Notice of the time and place of the public hearing shall be sent by mail directed to the person or entity shown by the County Collector's current warrant book to be the party in whose name the general real estate taxes were last assessed on each lot, block, tract or parcel of land fronting on the proposed improvement. Such notices shall be mailed not less than 5 days prior to the time set for the public hearing and shall be mailed to each such party at the address shown for such party in the County Collector's current warrant book. The notices shall contain the substance of the resolution adopted by the committee, the date when an estimate is required by this Act, the estimate of the cost of the proposed improvement, and a notification that the extent, nature, kind, character and (when an estimate is required by the Act) the estimated cost of the proposed improvement may be changed by the committee at the public hearing thereon. If upon the hearing the committee deems the proposed improvement desirable, it shall adopt a resolution and prepare and submit an ordinance therefor to the board.
In the event that a local improvement is to be constructed with the assistance of any agency of the federal government or other governmental agency, the committee's resolutions shall set forth that fact, and the estimate of cost shall set forth and indicate the estimated amount of assistance to be so provided.
(Source: P.A. 85-1137.)
(70 ILCS 2805/44) (from Ch. 42, par. 447.8)
Sec. 44. Public hearing and second resolution. At the time and place fixed in the specified notice for the public hearing, the committee of local improvements shall meet and hear the representations of any person desiring to be heard on the subject of the necessity for the proposed improvement, the nature thereof or the cost as estimated. The district's engineer may revise the plans, specifications or estimate of cost at any time prior to the committee's adoption of a resolution recommending passage of an ordinance as hereinafter set forth. The committee may adopt a second or further resolution abandoning the proposed scheme or adhering thereto, or changing, altering or modifying the extent, nature, kind, character and estimated cost, provided the change does not increase the estimated cost of the improvement to exceed 20% of the estimate set forth in the mailed notice of the public hearing without a further public hearing pursuant to a new mailed notice given in like manner as the first. Thereupon, if the proposed improvement is not abandoned, the committee shall have an ordinance prepared therefor to be submitted to the board. This ordinance shall prescribe the nature, character, locality and description of the improvement and shall provide whether the improvement shall be made wholly or in part by special assessment or special taxation of benefited property and may provide that plans and specifications for the proposed improvement be made part of the ordinance by reference to plans and specifications on file in the office of the district's engineer or to plans and specifications adopted or published by the State of Illinois or any political subdivision or agency thereof. If the improvement is to be paid in part only by special assessment or special taxation, the ordinance shall so state. If the improvement requires the taking or damaging of property, the ordinance shall so state, and the proceedings for making just compensation therefor shall be as described in Sections 9-2-14 through 9-2-37 of the Illinois Municipal Code, as now or hereafter amended.

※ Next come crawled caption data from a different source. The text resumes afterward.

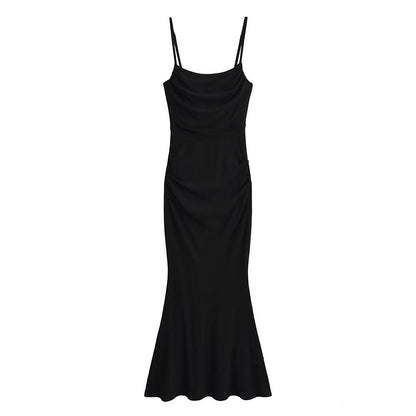 Sexy Sexy Pleated Boning Corset Strap Dress Summer Waisted Slim Fit Package Hip Dress by Ragazza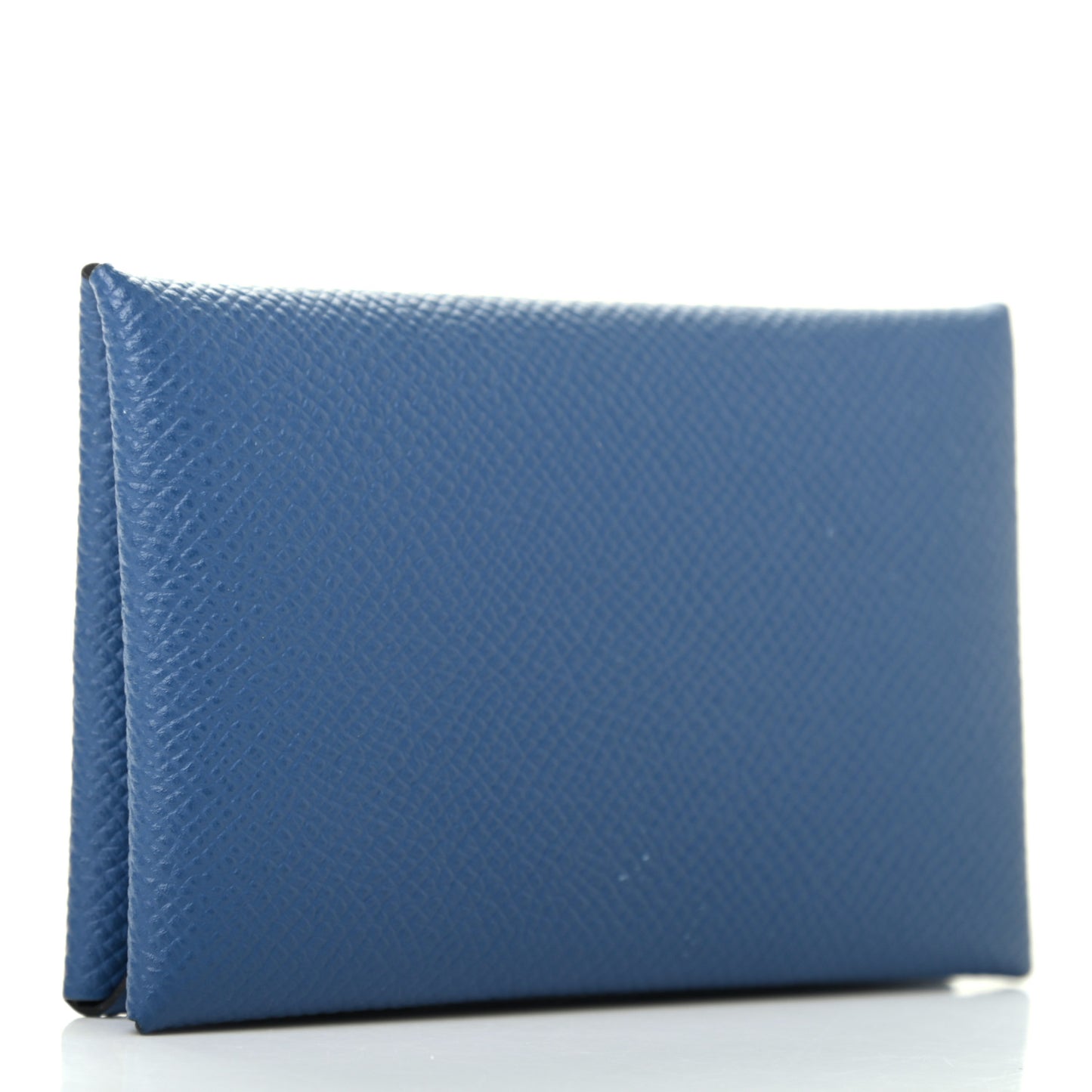 Epsom Calvi Card Case Bleu Agate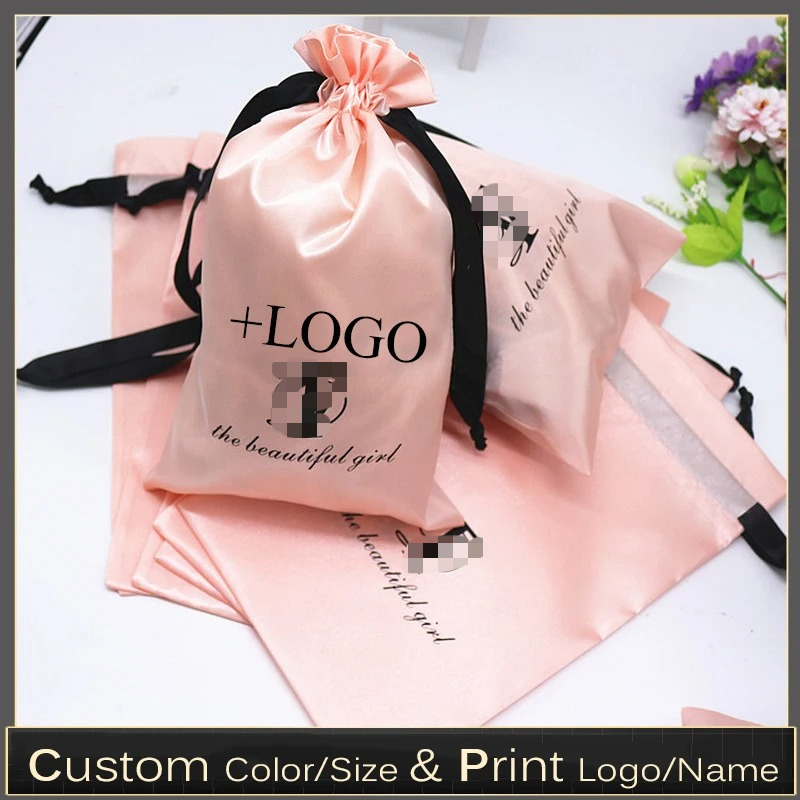 Baby Food Pouches - Poudres de satin rose pour bébé,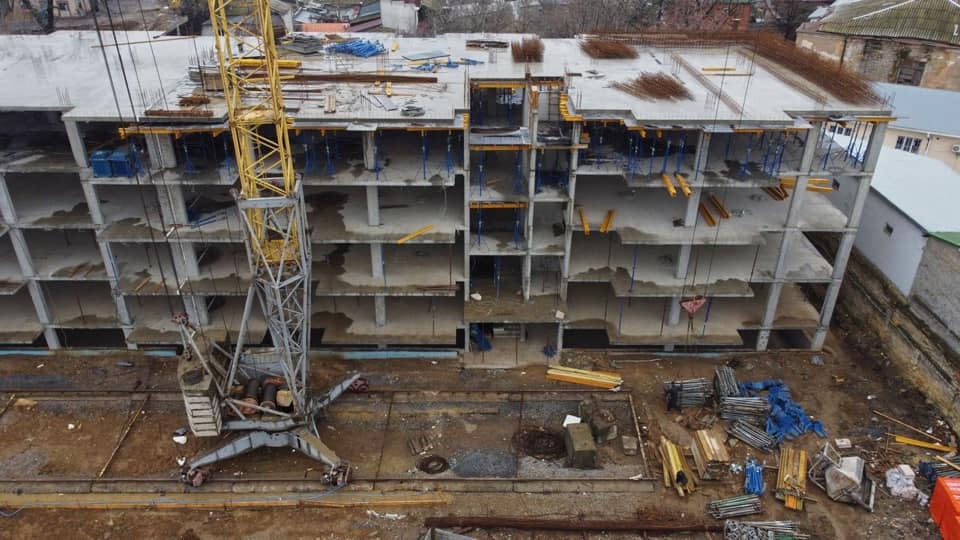 Хід будівництва ЖК Акварель-7, квіт, 2021 рік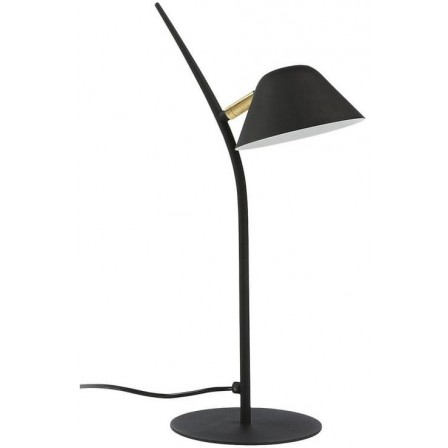 LÁMPARA DE SOBREMESA METAL NEGRO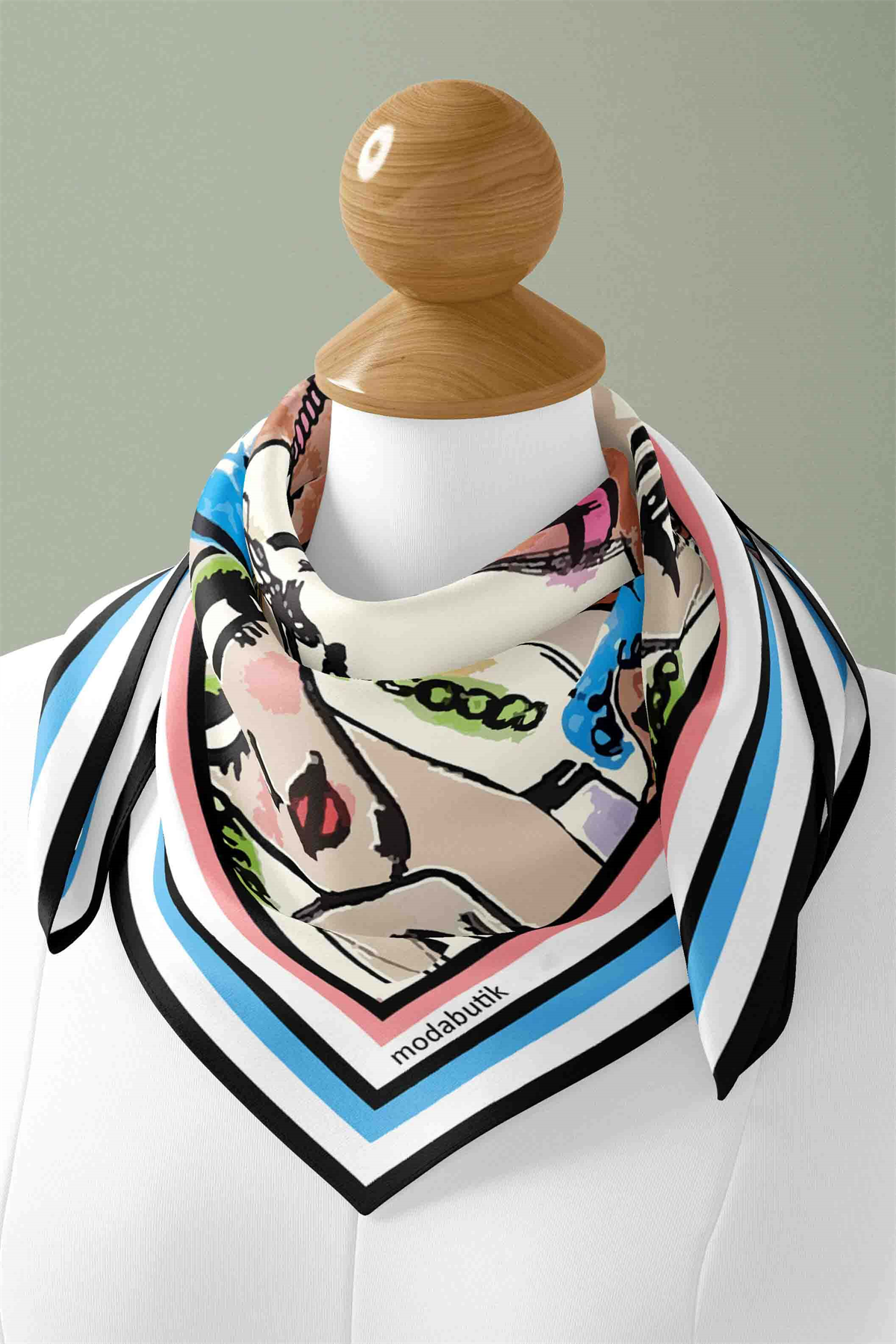 F98 MODERN WOMEN TASARIM BANDANA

(Source: P.A. 100-201, eff. 8-18-17.)
(70 ILCS 2805/45) (from Ch. 42, par. 447.9)
Sec. 45. Recommendation by committee. Accompanying any ordinance for a local improvement presented by the committee of local improvements to the board shall be a recommendation of such improvement by the committee signed by at least a majority of the members thereof, together with an estimate of the cost of the improvement, including the cost of engineering services, as originally contemplated or as changed, altered or modified at the public hearing, itemized so far as the committee deems necessary and signed by the board's engineer. The recommendation by the committee shall be prima facie evidence that all the preliminary requirements of the law have been complied with. If a variance is shown on the proceedings in the court, it shall not affect the validity of the proceeding unless the court deems the variance willful and substantial.
In the event the improvement is to be constructed with assistance from any agency of the federal government or other governmental agency, the estimate of cost shall state this fact and shall set forth the estimated amount that is to be provided by the agency of the federal government or other governmental agency.

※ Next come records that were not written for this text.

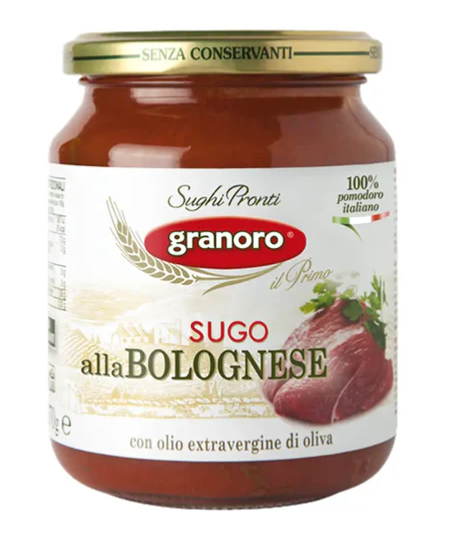 Salsa de Tomates a la Bolognese 370g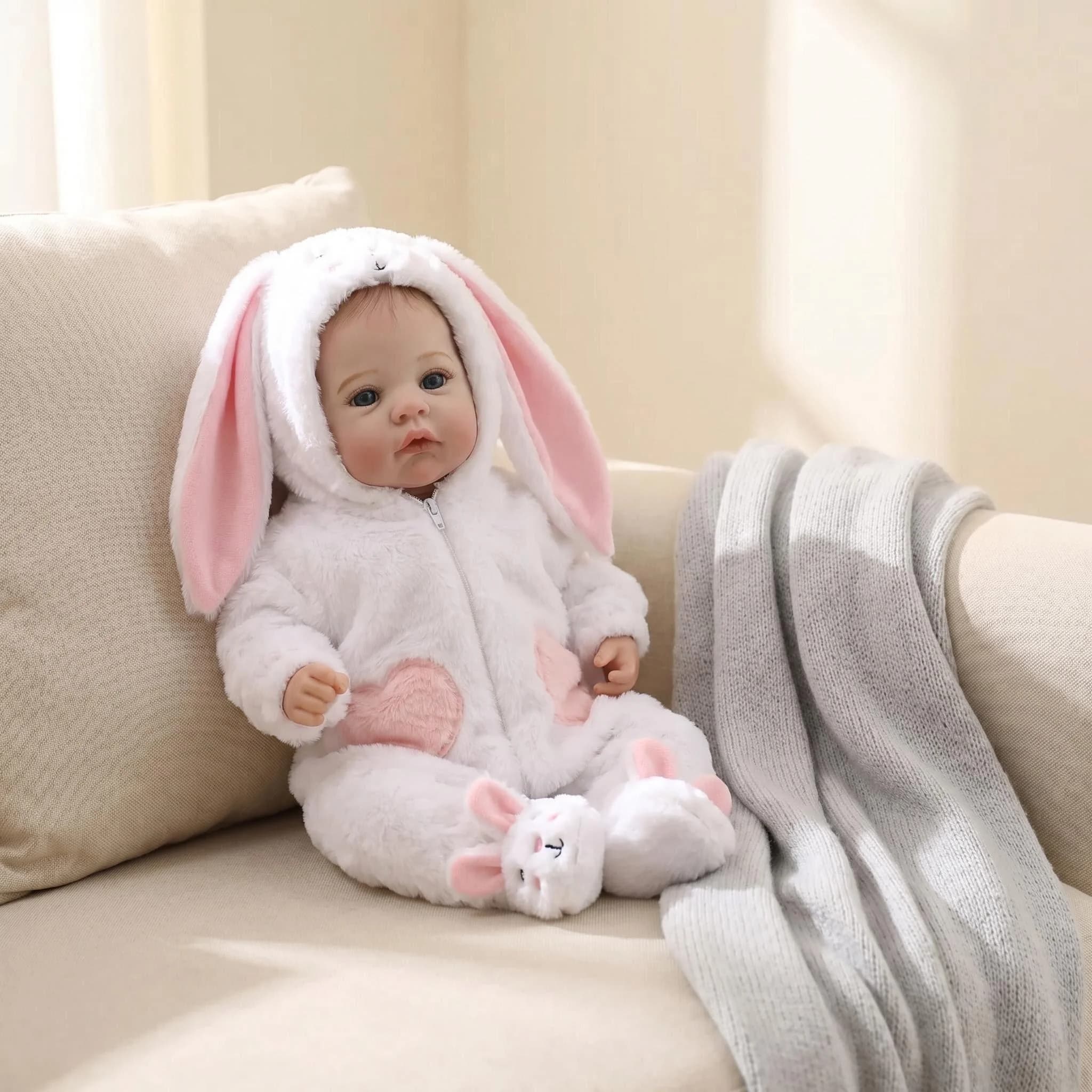 Bambola Neonato NPK da 18 Pollici Realistica e Coccolosa con Pelle 3D, Pittura a Strati Multipli, Vene Visibili, Due Versioni di Corpo, Meadow
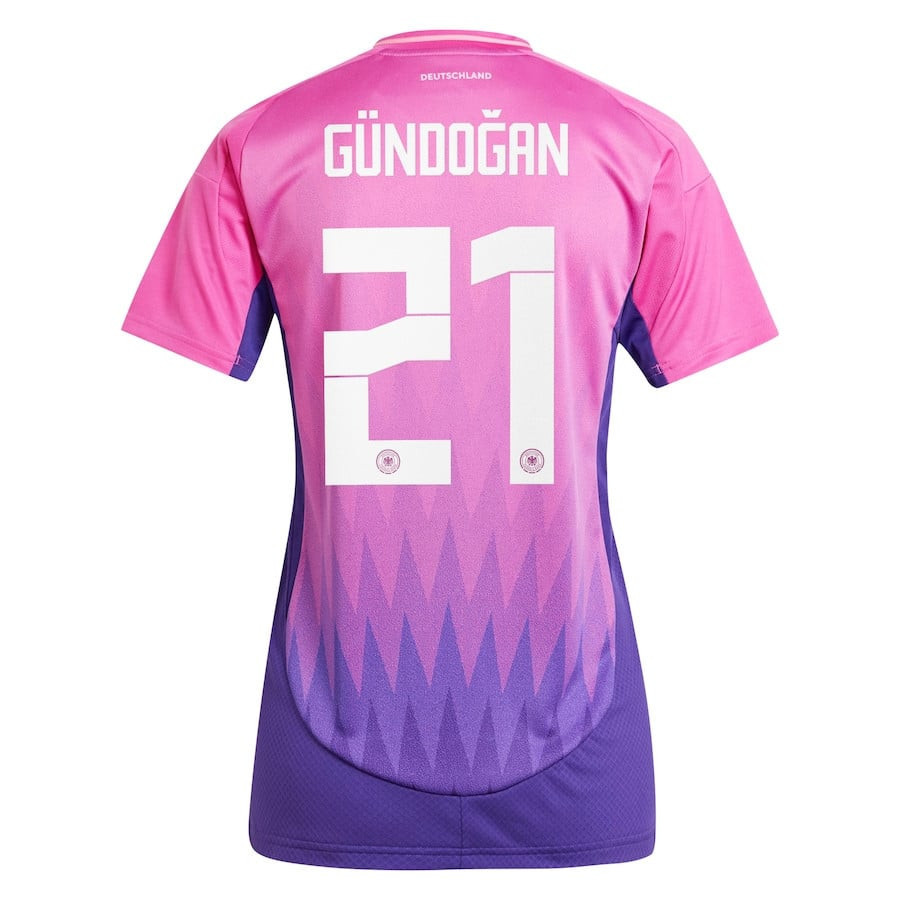 İlkay Gündoğan 21 Germany National Team 2024 Away Women Jersey - Pink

The person appointed to make the assessments as provided hereinafter shall make a true and impartial assessment upon the petitioning district and the property benefited by such improvement of that portion of the estimated cost that is within the benefits exclusive of the amount to be provided by the agency of the federal government or other governmental agency.
(Source: P.A. 100-201, eff. 8-18-17.)
(70 ILCS 2805/46) (from Ch. 42, par. 447.10)
Sec. 46. Publication of ordinance. Upon the presentation to the board of the proposed ordinance, together with the required recommendation and estimate, if the estimate of costs exceeds the sum of $500,000, exclusive of the amount to be paid for land to be taken or damaged, the ordinance shall be published in the usual way, in full, with the recommendation and estimate, at least 10 days before any action is taken thereon by the board. Whenever any plat, plan, specification, profile or drawing is a part of the ordinance is attached thereto as a part thereof or is referred to by the ordinance, it is not necessary to publish that plat, plan, specification, profile or drawing in connection with the publication of the ordinance. Publication shall be in a newspaper having general circulation within the district.
(Source: P.A. 85-1137.)
(70 ILCS 2805/47) (from Ch. 42, par. 447.11)
Sec. 47. Special tax. When the ordinance under which a local improvement is ordered provides that the improvement shall be made wholly or in part by special taxation of benefited property, that special tax shall be levied, assessed and collected, as nearly as may be, in the manner provided in the Sections of this Act providing for the mode of making, assessing and collecting special assessments. No special tax shall be levied or assessed upon any property to pay for any local improvement in an amount in excess of the special benefit which the property will receive from the improvement. The ordinance shall not be deemed conclusive of the benefit, but the question of the benefit and of the amount of the special tax shall be subject to the review and determination of the court, and shall be tried in the same manner as in proceedings by special assessment.
(Source: P.A. 85-1137.)
(70 ILCS 2805/48) (from Ch. 42, par. 447.12)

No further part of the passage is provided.